Copy the listing as it is written, and leave each picture out.

* **GIVEN RECORDS**:
[Start of Attachment]

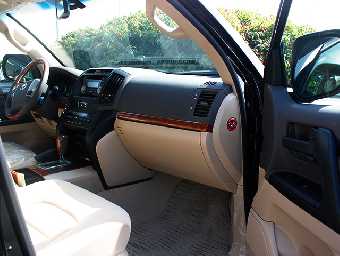 TOYOTA LAND CRUISER 2015 Image 5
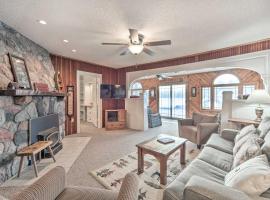 Spacious Home with Deck on Lake Chetek!, hotel con parcheggio a Chetek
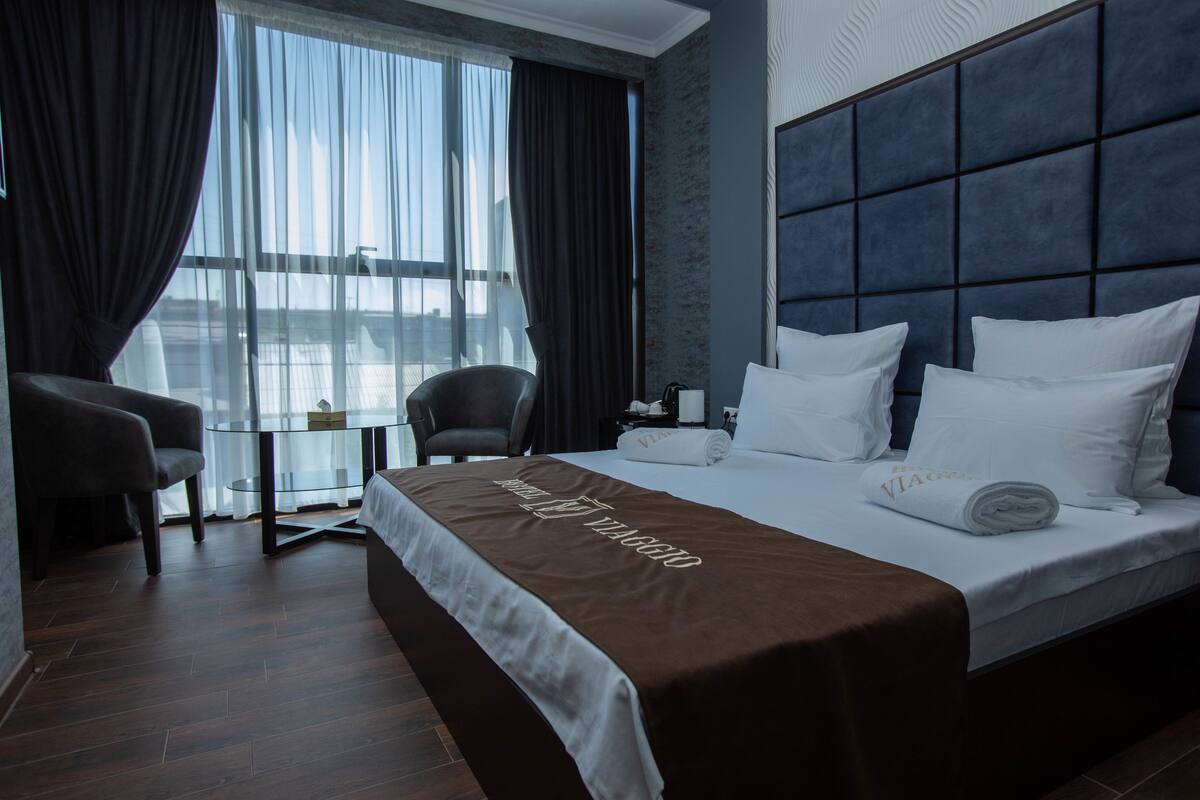 Minibar, in-room safe, individually decorated, individually furnished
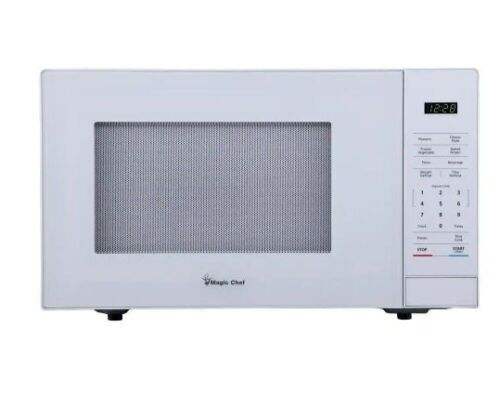 Magic Chef 1.1 cu. ft. Countertop Microwave in White - Lot 124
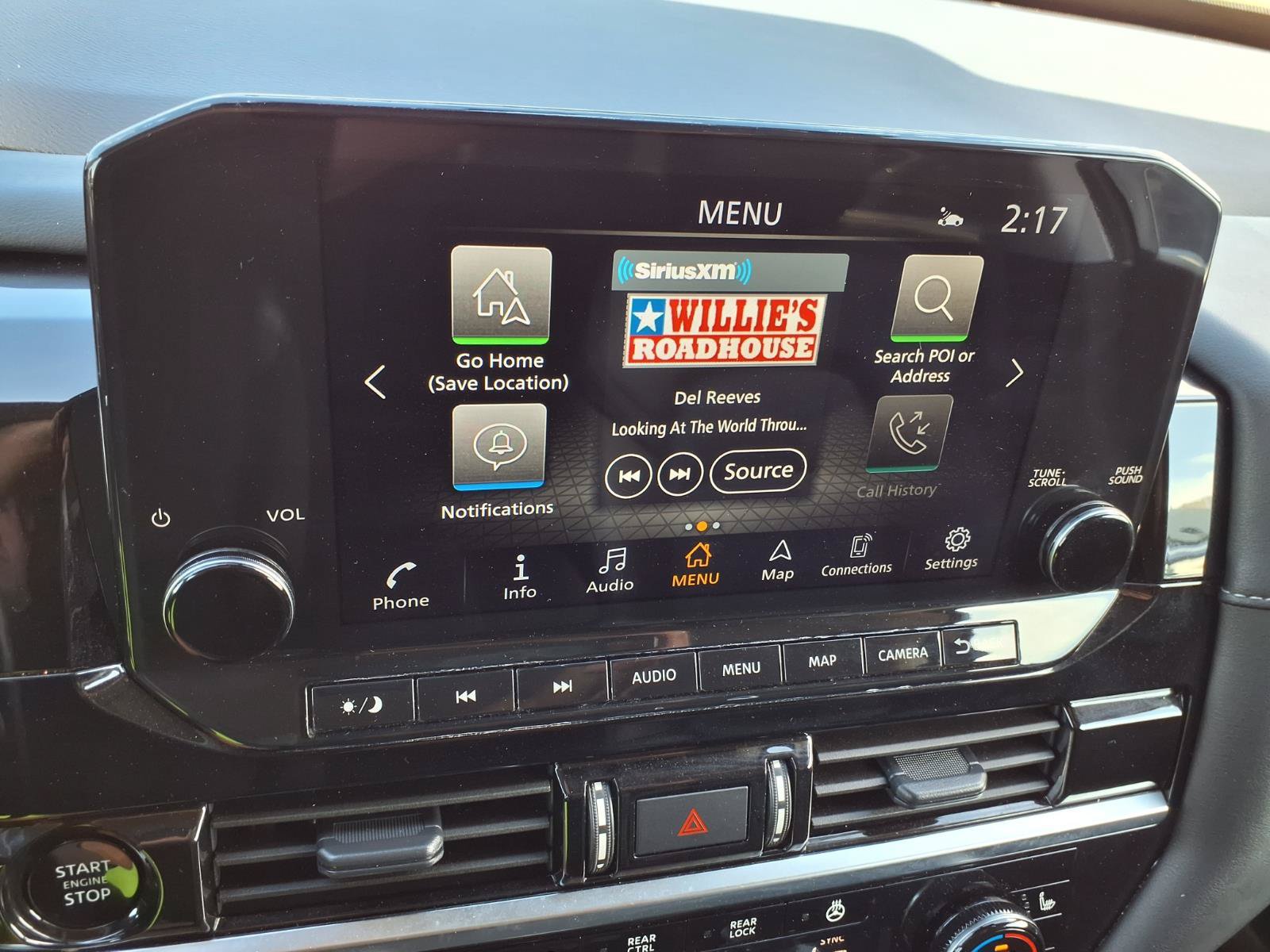 Used 2025 Nissan Pathfinder SL AWD/4WD image 5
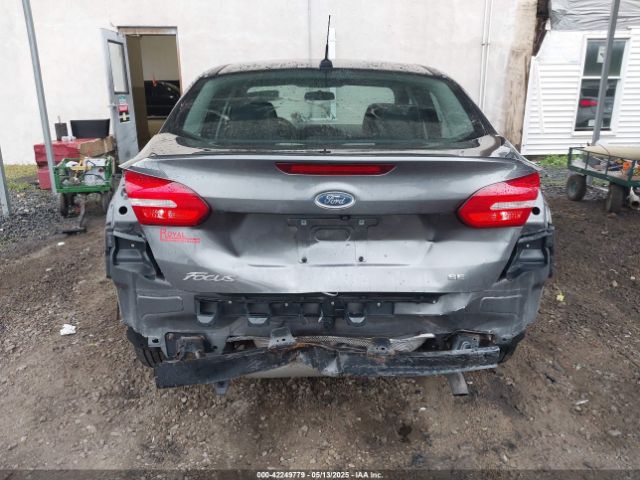 1FADP3F20HL296869 Ford FOCUS SE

[End of Attachment]

* **SOLUTION TO THIS EXERCISE**:
 TOYOTA LAND CRUISER 2015 Image 5
 Spacious Home with Deck on Lake Chetek!, hotel con parcheggio a Chetek
 Minibar, in-room safe, individually decorated, individually furnished
 Magic Chef 1.1 cu. ft. Countertop Microwave in White - Lot 124
 Used 2025 Nissan Pathfinder SL AWD/4WD image 5
 1FADP3F20HL296869 Ford FOCUS SE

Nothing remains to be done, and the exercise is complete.